The key to long-term changes, in my opinion, lies in changing lifestyle rather than merely diet. On that note, here are four easy tips for resolutions from a stubborn food lover and cook.

1. Schedule Regular Visits to Farmer’s Markets and Local Vendors

You claim to love your local farmer’s markets, but in reality, you only visit once a month. To make a change, mark the greenmarket, CSA and specialty vendor days on your calendar, and visit regularly.

At your local food vendors and farmers’ markets, you’ll find that being healthy is easier there than at the grocery store. You’ll find what’s in season at your fruit and vegetable stands, the best cuts of meat from your local butcher, the catch of the day from your fish vendor, the harvested honey from your beekeeper, and the diverse mushrooms from your local forager.

The clean flavors and quality of what you’ll find will hopefully serve as great motivational factors. Eat whole foods, even if they’re a bit of pork belly and other saturated fats, rather than eating foods full of preservatives or artificial flavors.

2. Make Meat the Side Dish

Meat provides good nutrients, sure, but it also provides a lot of saturated fat and cholesterol. Try an adapted southern method of using quite a small amount of ham hock to flavor some greens, or the Korean method of making the saturated fat the small side dish and the fresh, green, lightly-blanched salads the centerpieces.

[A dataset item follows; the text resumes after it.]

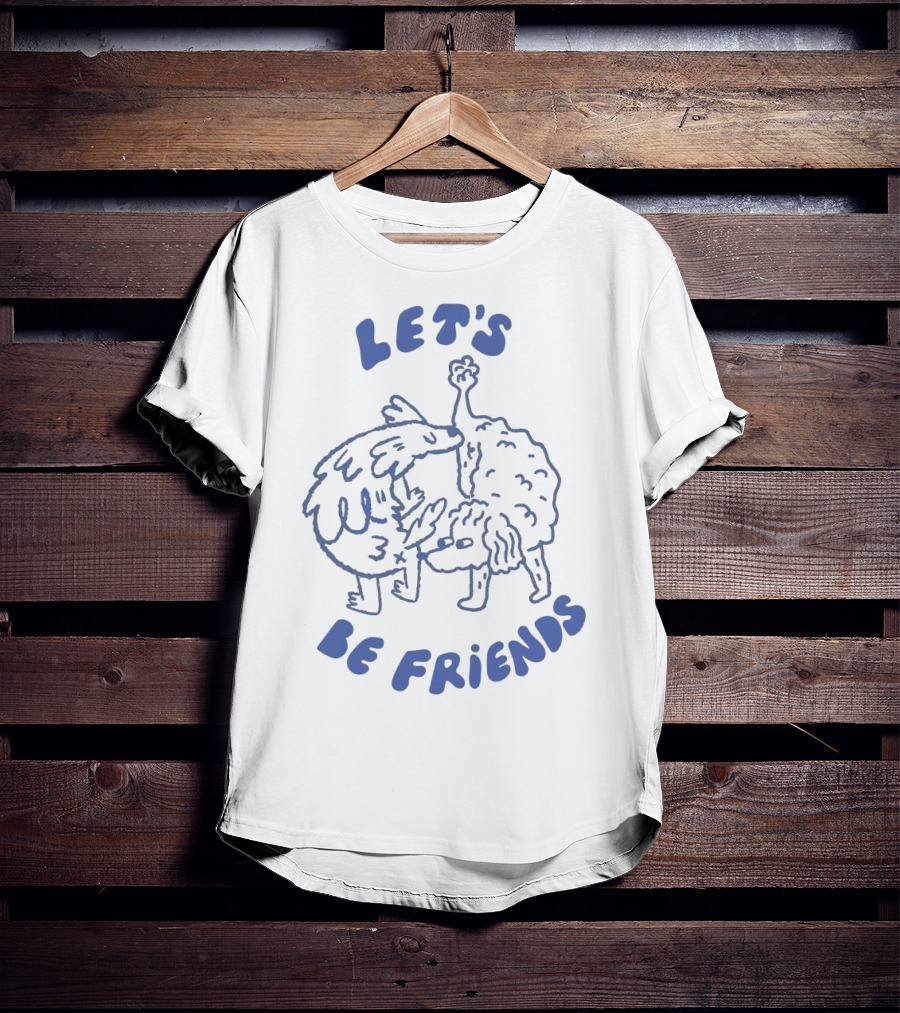LET'S BE FRIENDS Turkey And Dog Embrace T-Shirt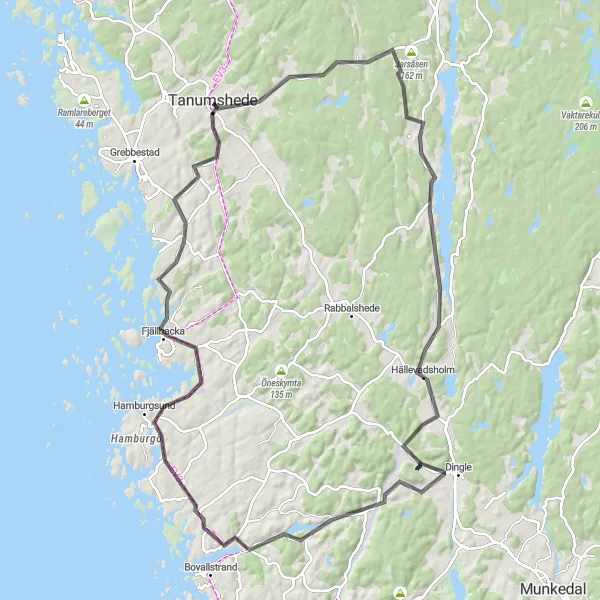 Kartminiatyr av "Tanumshede - Hällevadsholm - Bärfendal - Gerlesborg - Galjeberget - Tanumsslätten - Rock Carvings in Tanum" cykelinspiration i Västsverige, Sweden. Genererad av Tarmacs.app cykelruttplanerare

3. Make Eating Quality Time

Put down that Snapchatting phone. Many food lovers eat alone and post their beautiful dishes online, but in the new year, think about spending more time talking to friends or savoring your food, not Instagramming it.

Food can be the greatest reason for folks to get together, but there are other fantastic things to factor into a social gathering. Try to factor quality time and focus on the food and eating it into each meal. My friends and I have done our catch-ups over museum trips and long walks punctuated by quality meals where we talk and linger rather than rushing.

4. If You’re a Restaurant Junkie, Start Cooking

If you’re a food lover who goes to restaurants seven days a week, it’s time to link your love of exploring eating in restaurants with the promise you’ll carry some these tastes home to your own kitchen. You’ll cut your sodium intake by leagues, since restaurant food is very salty.

The goal isn’t to become the world’s greatest chef, but to enhance who you are on the knowledge and skill circuit. I can’t begin to tell you the joy I got from learning how to make my dad’s kalbi or cooking with wine for the first time, or how I can still laugh at my own kitchen blunders. When you cook with more mindfulness and joy, food will taste better, be healthier, and you’ll save a bundle.

Indulgence — it happens. Like me, you might love to eat a bowl of Michael White’s cappelletti every day, but for the few times you make it to Osteria Morini, it makes it entirely worth the wait. The bottom line: treat yourself in moderation, but don’t beat yourself up so much you set yourself back.

In the end, I’m certainly not going to tell you drop the pizza — especially if it’s John’s of Bleecker Street. What I can say for all of us is to have a few slices, or hell, have a whole pie because you want it. Then make sure some of your daily bites celebrate green on your plate, green for the world, and hopefully, more green in your pocket.